● Exercise instructions: Nothing should appear in the answer except the line containing "Forge Adour Chariot pour Plancha" and the lines following it through the end of the listing, each given exactly.

· · · · · · ·

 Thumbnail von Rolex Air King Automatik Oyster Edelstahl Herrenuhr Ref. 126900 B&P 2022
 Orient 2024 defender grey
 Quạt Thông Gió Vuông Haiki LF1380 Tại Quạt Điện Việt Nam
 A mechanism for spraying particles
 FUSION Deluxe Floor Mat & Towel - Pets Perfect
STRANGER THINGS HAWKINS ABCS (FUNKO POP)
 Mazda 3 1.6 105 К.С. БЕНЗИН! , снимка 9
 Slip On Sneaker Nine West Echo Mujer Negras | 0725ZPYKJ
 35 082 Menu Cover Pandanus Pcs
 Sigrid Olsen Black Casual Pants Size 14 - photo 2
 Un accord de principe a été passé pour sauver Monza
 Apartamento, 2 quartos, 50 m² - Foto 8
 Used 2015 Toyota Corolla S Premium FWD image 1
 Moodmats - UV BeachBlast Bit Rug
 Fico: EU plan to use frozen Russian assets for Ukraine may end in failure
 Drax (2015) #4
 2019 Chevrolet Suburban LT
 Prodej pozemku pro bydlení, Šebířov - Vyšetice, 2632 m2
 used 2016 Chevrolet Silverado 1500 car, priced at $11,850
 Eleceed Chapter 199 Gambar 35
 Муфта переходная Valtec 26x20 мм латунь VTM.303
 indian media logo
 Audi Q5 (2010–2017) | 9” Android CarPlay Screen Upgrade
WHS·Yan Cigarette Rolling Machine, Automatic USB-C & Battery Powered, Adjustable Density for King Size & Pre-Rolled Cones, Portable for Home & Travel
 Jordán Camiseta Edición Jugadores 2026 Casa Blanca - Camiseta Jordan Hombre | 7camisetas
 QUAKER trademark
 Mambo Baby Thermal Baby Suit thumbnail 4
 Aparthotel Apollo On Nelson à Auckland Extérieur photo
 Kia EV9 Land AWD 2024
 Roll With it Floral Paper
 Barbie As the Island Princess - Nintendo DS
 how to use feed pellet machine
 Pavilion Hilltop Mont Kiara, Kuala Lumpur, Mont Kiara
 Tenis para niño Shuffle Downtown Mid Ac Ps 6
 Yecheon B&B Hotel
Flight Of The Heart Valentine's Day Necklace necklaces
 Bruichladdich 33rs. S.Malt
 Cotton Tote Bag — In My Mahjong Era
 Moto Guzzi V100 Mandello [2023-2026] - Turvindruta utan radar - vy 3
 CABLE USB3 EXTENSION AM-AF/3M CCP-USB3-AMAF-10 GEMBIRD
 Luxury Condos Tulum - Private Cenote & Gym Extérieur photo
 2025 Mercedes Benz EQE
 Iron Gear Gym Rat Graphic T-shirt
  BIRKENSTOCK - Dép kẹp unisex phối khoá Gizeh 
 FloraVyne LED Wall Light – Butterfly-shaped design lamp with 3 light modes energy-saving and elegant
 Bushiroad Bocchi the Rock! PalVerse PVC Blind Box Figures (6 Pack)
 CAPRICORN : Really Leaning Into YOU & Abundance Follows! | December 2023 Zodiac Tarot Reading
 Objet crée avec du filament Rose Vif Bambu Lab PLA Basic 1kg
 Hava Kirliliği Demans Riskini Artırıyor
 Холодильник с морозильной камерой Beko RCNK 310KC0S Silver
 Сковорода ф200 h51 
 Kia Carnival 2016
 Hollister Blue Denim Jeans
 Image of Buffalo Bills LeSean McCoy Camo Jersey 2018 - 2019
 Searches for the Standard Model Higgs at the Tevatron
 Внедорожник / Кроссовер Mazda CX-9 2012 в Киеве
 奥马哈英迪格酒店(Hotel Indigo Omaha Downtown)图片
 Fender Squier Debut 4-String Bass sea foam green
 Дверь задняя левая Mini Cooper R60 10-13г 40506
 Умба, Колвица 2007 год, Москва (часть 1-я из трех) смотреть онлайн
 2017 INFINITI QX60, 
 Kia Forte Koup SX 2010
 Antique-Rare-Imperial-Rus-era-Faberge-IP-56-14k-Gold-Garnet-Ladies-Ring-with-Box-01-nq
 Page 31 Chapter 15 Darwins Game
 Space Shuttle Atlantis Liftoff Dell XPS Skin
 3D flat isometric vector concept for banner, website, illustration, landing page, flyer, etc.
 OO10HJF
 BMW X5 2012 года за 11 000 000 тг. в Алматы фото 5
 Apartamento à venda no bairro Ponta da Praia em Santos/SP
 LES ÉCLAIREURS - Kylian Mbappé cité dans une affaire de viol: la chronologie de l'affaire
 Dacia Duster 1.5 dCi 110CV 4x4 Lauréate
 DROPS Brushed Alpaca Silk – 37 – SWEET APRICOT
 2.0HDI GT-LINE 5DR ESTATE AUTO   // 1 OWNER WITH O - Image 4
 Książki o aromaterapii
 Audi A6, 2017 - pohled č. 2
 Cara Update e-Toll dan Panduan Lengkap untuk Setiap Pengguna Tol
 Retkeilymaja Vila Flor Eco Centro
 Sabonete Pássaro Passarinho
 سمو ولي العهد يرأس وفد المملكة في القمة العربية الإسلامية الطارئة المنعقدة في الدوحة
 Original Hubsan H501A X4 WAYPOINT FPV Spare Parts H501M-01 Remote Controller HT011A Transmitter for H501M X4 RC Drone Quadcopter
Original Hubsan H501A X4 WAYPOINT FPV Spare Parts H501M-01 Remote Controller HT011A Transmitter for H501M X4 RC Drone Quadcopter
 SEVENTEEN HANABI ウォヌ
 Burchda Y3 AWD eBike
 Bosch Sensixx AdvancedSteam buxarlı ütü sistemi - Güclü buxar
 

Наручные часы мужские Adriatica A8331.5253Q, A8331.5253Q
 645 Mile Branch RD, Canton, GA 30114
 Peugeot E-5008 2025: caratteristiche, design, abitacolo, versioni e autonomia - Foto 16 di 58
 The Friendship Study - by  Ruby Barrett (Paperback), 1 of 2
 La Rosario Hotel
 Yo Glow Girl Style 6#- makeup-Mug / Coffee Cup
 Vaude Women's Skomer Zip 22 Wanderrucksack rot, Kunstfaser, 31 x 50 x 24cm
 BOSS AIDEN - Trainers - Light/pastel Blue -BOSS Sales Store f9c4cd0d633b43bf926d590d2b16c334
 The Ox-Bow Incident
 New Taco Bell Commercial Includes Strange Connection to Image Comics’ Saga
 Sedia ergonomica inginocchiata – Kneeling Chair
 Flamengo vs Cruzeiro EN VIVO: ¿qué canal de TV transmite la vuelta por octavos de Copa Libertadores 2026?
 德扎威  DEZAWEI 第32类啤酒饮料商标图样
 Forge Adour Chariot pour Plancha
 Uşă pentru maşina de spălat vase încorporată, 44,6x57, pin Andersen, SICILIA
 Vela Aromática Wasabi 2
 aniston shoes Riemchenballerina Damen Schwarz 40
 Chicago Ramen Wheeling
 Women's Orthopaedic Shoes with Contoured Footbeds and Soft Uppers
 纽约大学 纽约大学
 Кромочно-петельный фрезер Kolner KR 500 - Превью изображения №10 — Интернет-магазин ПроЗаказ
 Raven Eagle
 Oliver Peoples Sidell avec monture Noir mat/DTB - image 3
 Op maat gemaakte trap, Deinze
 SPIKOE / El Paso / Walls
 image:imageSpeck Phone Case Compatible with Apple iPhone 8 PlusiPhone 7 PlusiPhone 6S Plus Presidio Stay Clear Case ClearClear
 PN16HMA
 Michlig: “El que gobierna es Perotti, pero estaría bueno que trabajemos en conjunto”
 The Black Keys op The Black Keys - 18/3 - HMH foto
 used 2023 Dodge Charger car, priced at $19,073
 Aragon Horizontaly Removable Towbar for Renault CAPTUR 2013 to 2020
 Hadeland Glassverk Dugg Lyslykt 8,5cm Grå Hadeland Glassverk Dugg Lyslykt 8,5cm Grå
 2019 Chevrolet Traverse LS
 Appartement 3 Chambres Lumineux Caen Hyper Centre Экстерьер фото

· · · · · · ·

● Task answer:
 Forge Adour Chariot pour Plancha
 Uşă pentru maşina de spălat vase încorporată, 44,6x57, pin Andersen, SICILIA
 Vela Aromática Wasabi 2
 aniston shoes Riemchenballerina Damen Schwarz 40
 Chicago Ramen Wheeling
 Women's Orthopaedic Shoes with Contoured Footbeds and Soft Uppers
 纽约大学 纽约大学
 Кромочно-петельный фрезер Kolner KR 500 - Превью изображения №10 — Интернет-магазин ПроЗаказ
 Raven Eagle
 Oliver Peoples Sidell avec monture Noir mat/DTB - image 3
 Op maat gemaakte trap, Deinze
 SPIKOE / El Paso / Walls
 image:imageSpeck Phone Case Compatible with Apple iPhone 8 PlusiPhone 7 PlusiPhone 6S Plus Presidio Stay Clear Case ClearClear
 PN16HMA
 Michlig: “El que gobierna es Perotti, pero estaría bueno que trabajemos en conjunto”
 The Black Keys op The Black Keys - 18/3 - HMH foto
 used 2023 Dodge Charger car, priced at $19,073
 Aragon Horizontaly Removable Towbar for Renault CAPTUR 2013 to 2020
 Hadeland Glassverk Dugg Lyslykt 8,5cm Grå Hadeland Glassverk Dugg Lyslykt 8,5cm Grå
 2019 Chevrolet Traverse LS
 Appartement 3 Chambres Lumineux Caen Hyper Centre Экстерьер фото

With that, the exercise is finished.